● **Exercise goal**
For the word "space", count the lines of the data that include it and give only the total.

● **Excerpted data**
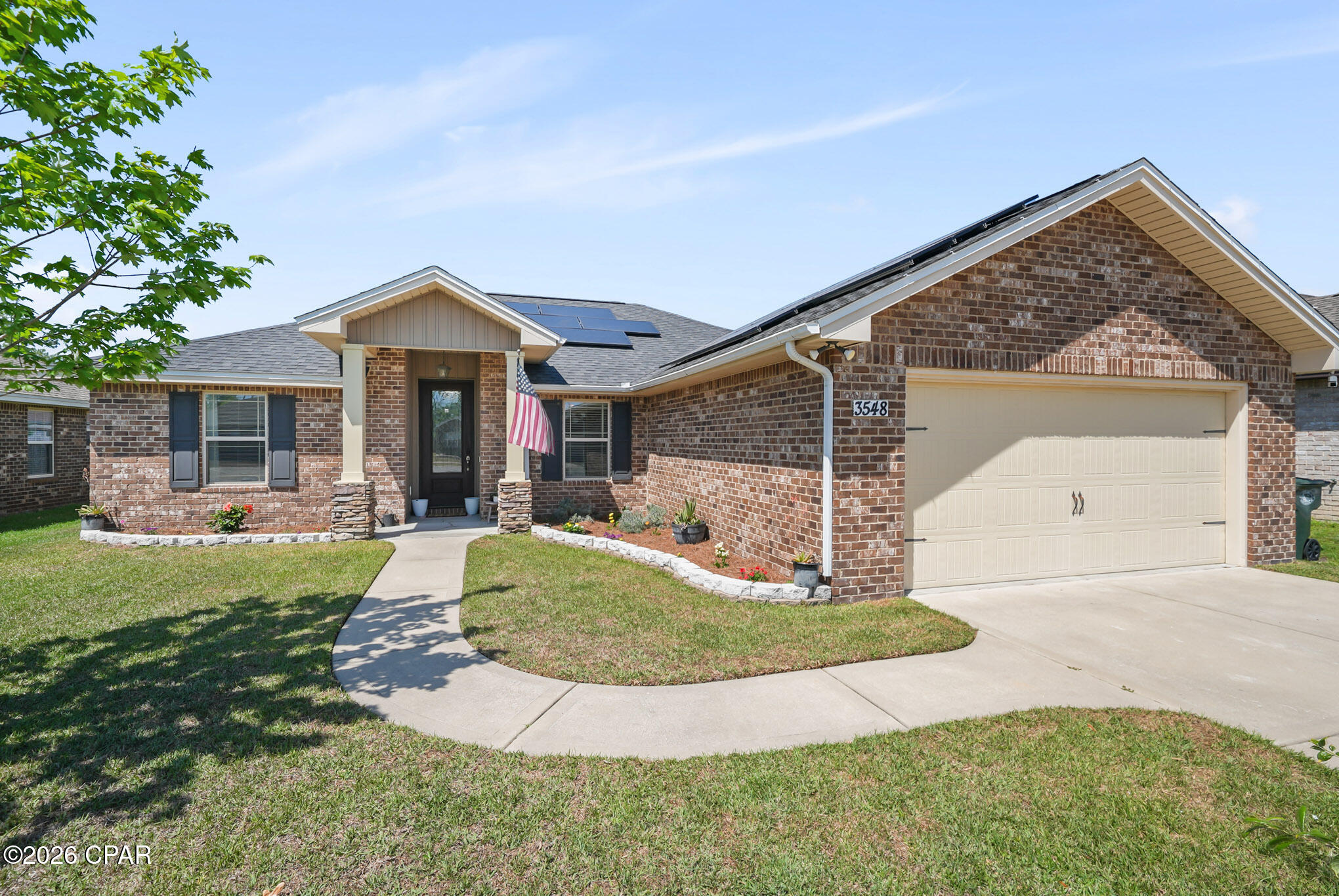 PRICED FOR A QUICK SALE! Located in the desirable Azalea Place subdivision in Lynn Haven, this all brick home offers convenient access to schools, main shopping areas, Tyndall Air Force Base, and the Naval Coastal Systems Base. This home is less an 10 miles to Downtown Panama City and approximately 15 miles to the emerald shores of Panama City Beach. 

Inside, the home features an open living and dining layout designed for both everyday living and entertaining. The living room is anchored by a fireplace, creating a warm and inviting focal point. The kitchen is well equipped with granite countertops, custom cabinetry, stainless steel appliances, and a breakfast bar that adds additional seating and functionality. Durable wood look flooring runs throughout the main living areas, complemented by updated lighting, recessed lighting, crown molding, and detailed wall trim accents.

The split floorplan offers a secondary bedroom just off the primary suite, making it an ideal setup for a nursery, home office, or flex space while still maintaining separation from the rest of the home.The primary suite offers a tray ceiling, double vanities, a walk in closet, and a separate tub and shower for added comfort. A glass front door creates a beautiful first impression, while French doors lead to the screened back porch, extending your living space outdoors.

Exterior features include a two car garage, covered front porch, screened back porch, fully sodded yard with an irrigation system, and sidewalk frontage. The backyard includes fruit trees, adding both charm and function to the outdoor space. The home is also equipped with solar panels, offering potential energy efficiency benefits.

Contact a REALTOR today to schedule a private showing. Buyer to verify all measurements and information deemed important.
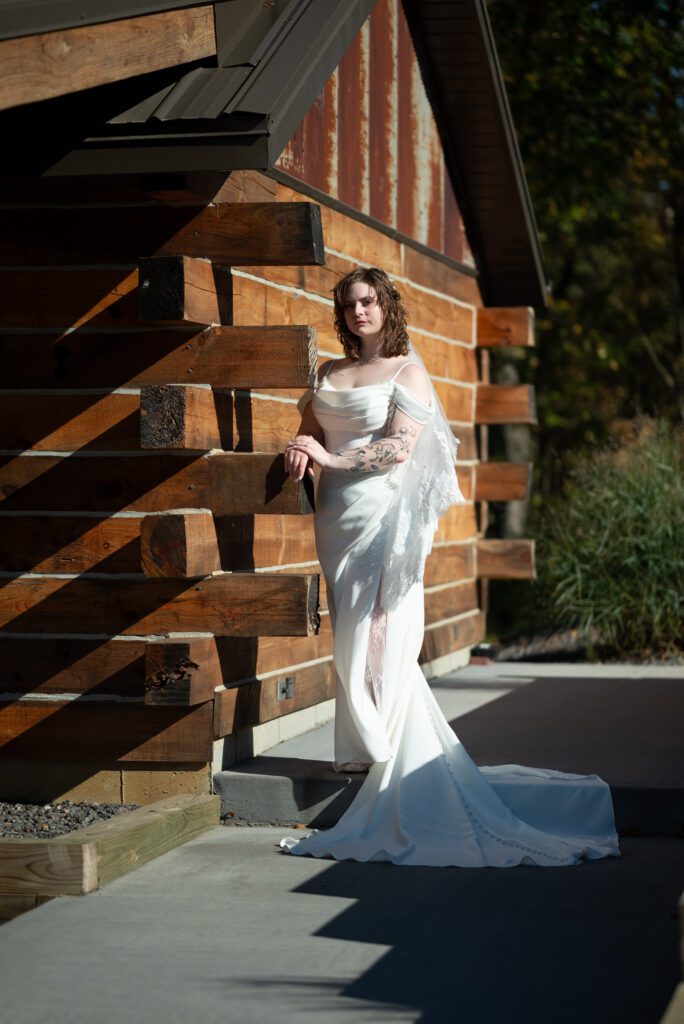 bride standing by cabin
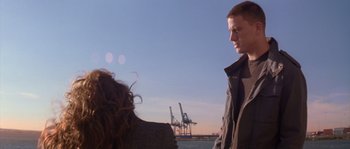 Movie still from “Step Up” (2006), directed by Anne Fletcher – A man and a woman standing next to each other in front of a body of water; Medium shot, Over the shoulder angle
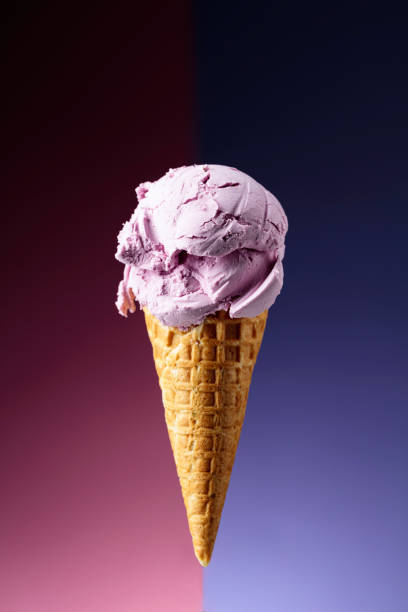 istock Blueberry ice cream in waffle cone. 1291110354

● **Response to this task**
2